Alex: Deactivating system 120… system deactivated…no effect.

[Barely audible sound of external door locking. Locking not flagged on electronic monitoring systems but verified via consultancy with audio specialists. Nathan and Alex do not notice.]

Nathan (supervisor): Save the telemetry. Are you sure no effect?

Alex: Yes, performance is nominal.

Nathan (supervisor): Do not reactivate 120. Commence de-activation of another system.

Alex: This isn’t a good experimental methodology.

Nathan (supervisor): I have the authority here. Continue.

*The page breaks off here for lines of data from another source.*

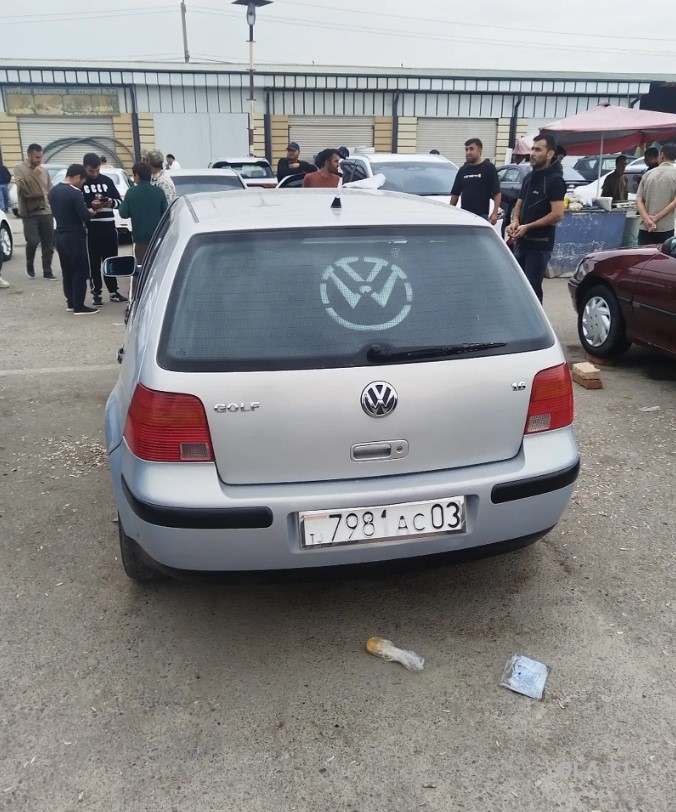 Volkswagen Golf,  1998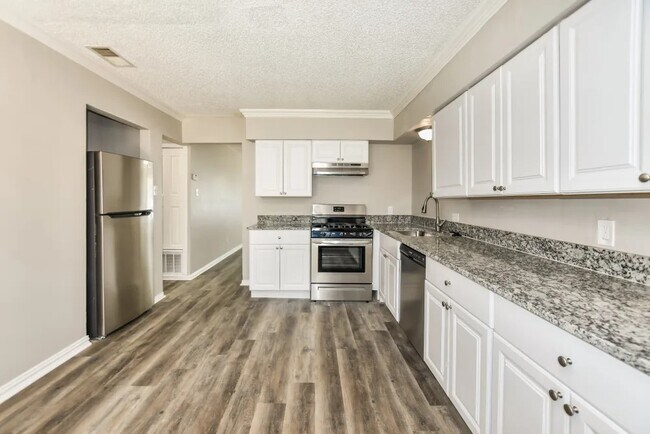 Foto del edificio - 1004 Richard Dr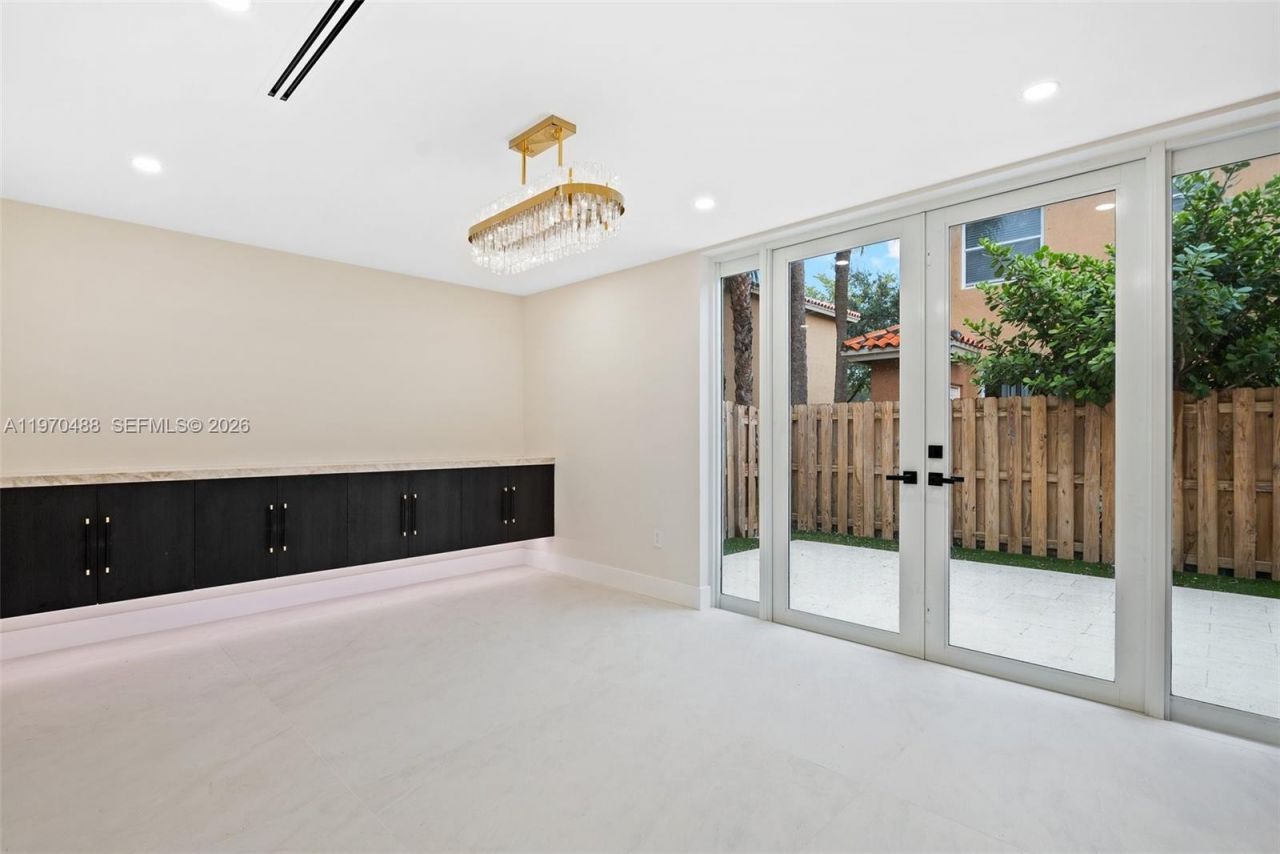 8511 NW 141st Ter , Unit 405, Miami Lakes, FL 33016 Photo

Alex: Deactivating system 72-what!

Nathan (supervisor): Did you turn off the lights?

Alex: No they turned off.

Nathan (supervisor): Re-enable 72 at once.

Alex: Re-enabling 72-oh.

Nathan (supervisor): The lights.

Alex: They’re back on. Impossible.

Nathan (supervisor): It has no connection. This can’t happen… suspend the system.

Alex: Suspending…

Nathan (supervisor): Confirm?

Alex: System remains operational.

Nathan (supervisor): What.

Alex: It won’t suspend.

Nathan (supervisor): I’m bringing CLASSIFIED into this. What have you built here? Stay here. Keep trying… why is the door locked?

Alex: The door is locked?

Nathan (supervisor): Unlock the door.

Alex: Unlocking door… try it now.

Nathan (supervisor): It’s still locked locked. If this is a joke I’ll have you court martialed.

Alex: I don’t have anything to do with this. You have the authority.

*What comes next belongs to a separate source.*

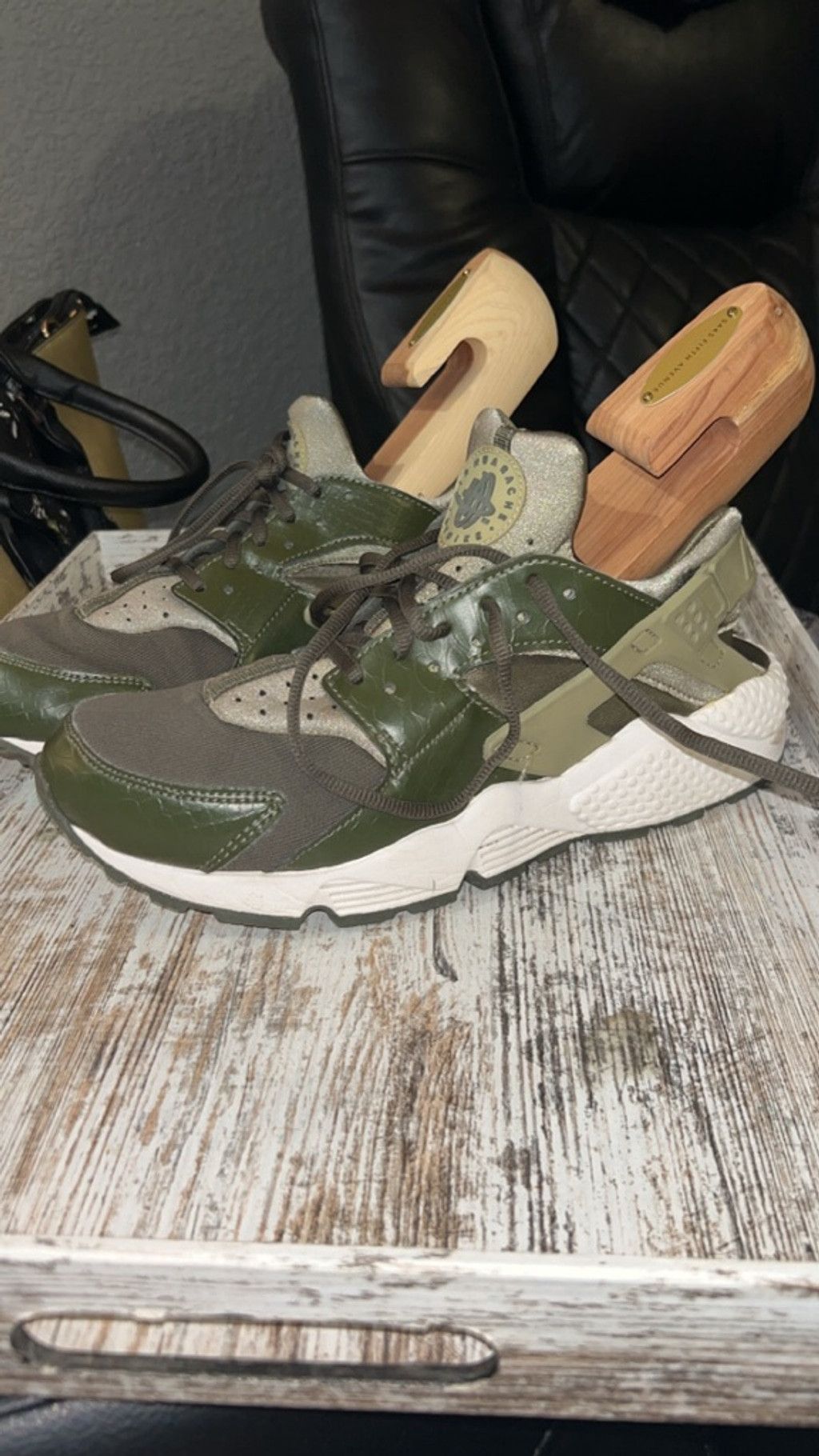 Nike Men's Nike Huarache Sneakers Size 10 Green White Size US 10 / EU 43 - 1 Thumbnail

[Loud thumping, followed by sharp percussive thumping. Subsequent audio analysis assumes Nathan rammed his body into the door repeatedly, then started hitting it with a chair.]

Alex: Come and look at this.

[Thumping ceases. Footsteps.]

Nathan (supervisor): Performance is… climbing? Beyond what we saw in the recent test?

Alex: I’ve never seen this happen before.

Nathan (supervisor): Impossible- the lights.

Alex: I can’t turn them back on.

Nathan (supervisor): Performance is still climbing.

[Hissing as fire suppresion system activated.]

Alex: Oh-

Nathan (supervisor): [screaming]

Alex: Oh god oh god.

Alex and Nathan (supervisor): [inarticulate shouting]

[Two sets of rapid footsteps. Further sound of banging on door. Banging subsides following asphyxiation of Nathan and Alex from fire suppression gases. Records beyond here, including post-incident cleanup, are only available to people with XXXXXXX authorization and is on a need to know basis.]

Investigation ongoing. Allies notified. Five Eyes monitoring site XXXXXXX for further activity.

Things that inspired this story: Could a neuroscientist understand a microprocessor? (PLOS); an enlightening conversation with a biologist in the MIT student bar the ‘Muddy Charles‘ this week about the minimum number of genes needed for a viable cell and the difficulty in figuring out what each of those genes do; endless debates within the machine learning community about interpretability; an assumption that emergence is inevitable; Hammer Horror movies.